For Sri Lanka, More Empty Words

A YEAR ago, when I was living in Colombo, Sri Lanka, I arranged to meet a friend for lunch, to talk about a Sri Lankan journalist who had gone missing and was presumed dead. By the time we met, my friend had a new mission: to keep another Sri Lankan safe.

The previous day, the United Nations Human Rights Council had passed a resolution “noting with concern” the Sri Lankan government’s refusal to address serious allegations of human rights abuses by the military — carried out during and after its 26-year war with the separatist Tamil Tigers, which ended with a defeat of the rebel group in 2009.

A number of Sri Lankan activists had flown to Geneva to lobby for the resolution, to their government’s dismay. Commentators on state TV lambasted them as villains and traitors, and word reached several of the activists that they might not want to rush back home.

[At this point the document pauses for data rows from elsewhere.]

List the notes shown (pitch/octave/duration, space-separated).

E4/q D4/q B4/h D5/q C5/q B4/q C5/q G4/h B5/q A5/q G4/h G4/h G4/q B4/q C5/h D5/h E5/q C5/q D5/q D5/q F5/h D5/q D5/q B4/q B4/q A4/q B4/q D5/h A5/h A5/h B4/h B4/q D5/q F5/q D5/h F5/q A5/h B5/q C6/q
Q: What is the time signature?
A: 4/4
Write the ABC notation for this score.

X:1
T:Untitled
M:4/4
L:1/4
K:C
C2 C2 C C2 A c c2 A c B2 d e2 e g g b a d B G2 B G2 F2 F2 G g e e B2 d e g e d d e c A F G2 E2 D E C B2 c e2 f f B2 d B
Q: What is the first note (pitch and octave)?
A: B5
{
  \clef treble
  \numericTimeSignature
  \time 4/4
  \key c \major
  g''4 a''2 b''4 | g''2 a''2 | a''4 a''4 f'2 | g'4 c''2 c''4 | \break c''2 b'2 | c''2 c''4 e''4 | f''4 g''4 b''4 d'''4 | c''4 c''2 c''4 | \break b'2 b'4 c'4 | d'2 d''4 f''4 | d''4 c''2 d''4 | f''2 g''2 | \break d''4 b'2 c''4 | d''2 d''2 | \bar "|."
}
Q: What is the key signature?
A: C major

So my friend and I spent that sticky afternoon trying to help one get to safety, assembling the papers she needed to apply for a visa to the United States, where she hoped to lie low for a while.

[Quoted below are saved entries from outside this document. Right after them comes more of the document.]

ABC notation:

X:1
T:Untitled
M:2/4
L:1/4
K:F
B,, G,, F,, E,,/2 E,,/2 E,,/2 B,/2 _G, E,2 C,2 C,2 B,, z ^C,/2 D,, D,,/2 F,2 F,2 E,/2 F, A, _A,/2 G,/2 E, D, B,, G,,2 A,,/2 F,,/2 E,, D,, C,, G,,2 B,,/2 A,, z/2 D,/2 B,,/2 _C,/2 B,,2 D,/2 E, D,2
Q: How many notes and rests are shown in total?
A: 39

Yesterday, the Human Rights Council voted once again to urge the Sri Lankan government to investigate “alleged violations of human rights” — or what The New York Times called “polite diplomatic shorthand” for the growing evidence that government soldiers killed tens of thousands of civilians in their bloody campaign to crush the rebels. But as with last year’s resolution, this year’s Council vote offers little more than hand-wringing.

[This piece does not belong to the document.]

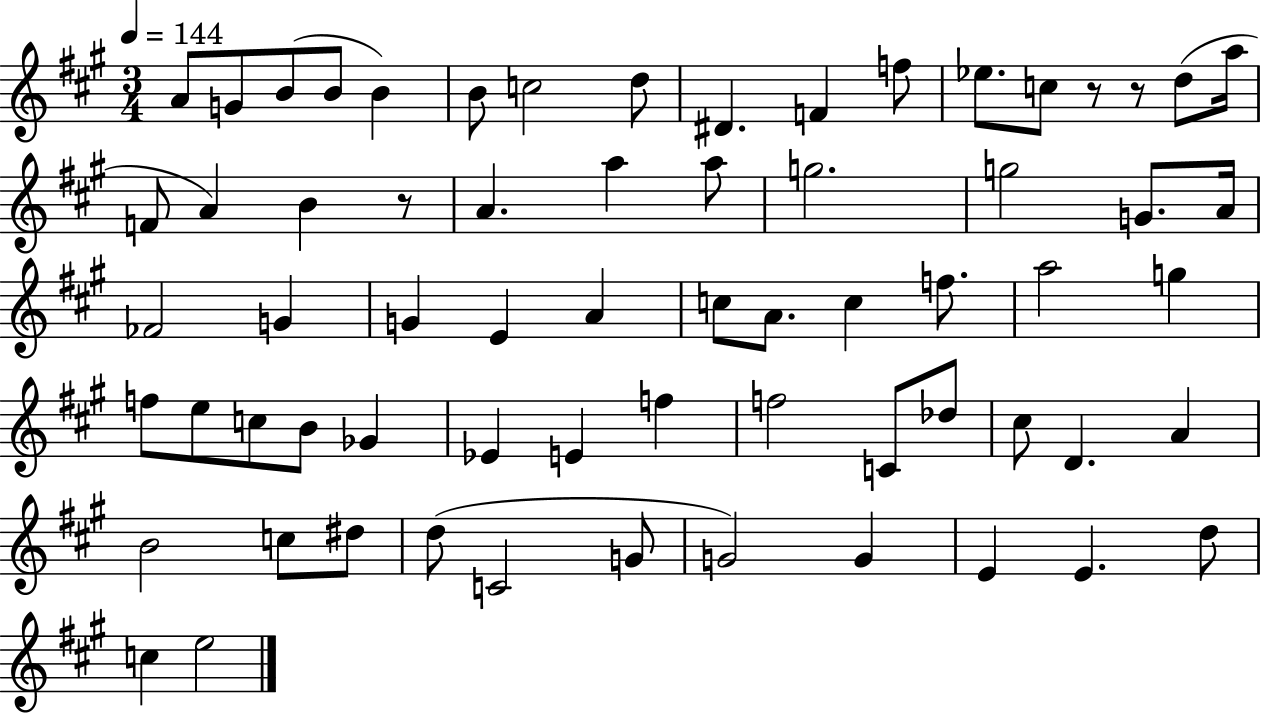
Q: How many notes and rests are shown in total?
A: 66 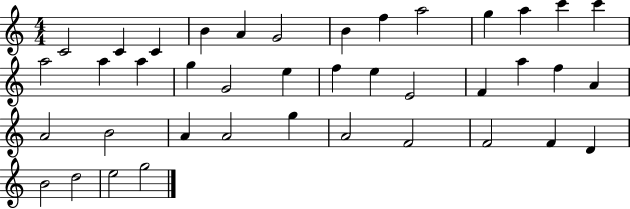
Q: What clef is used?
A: treble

While they carry symbolic weight, such resolutions may, in fact, be impeding progress rather than facilitating it.

The government of President Mahinda Rajapaksa greeted last year’s vote with complaints that it was being persecuted by the international community — and used that as a pretext to obstruct even more thoroughly the work of journalists, lawyers and activists. As Mohan Peiris, a former attorney general who is now Sri Lanka’s chief justice, said last March: “It won’t change anything. We will just forge ahead as planned.”

In May 2009, the Tamil Tigers, a merciless guerrilla group, lost the fight to carve out a separate state for the island’s Tamil minority. The war ended in a blaze of blood, with roughly 40,000 Tamil civilians killed, according to a United Nations estimate.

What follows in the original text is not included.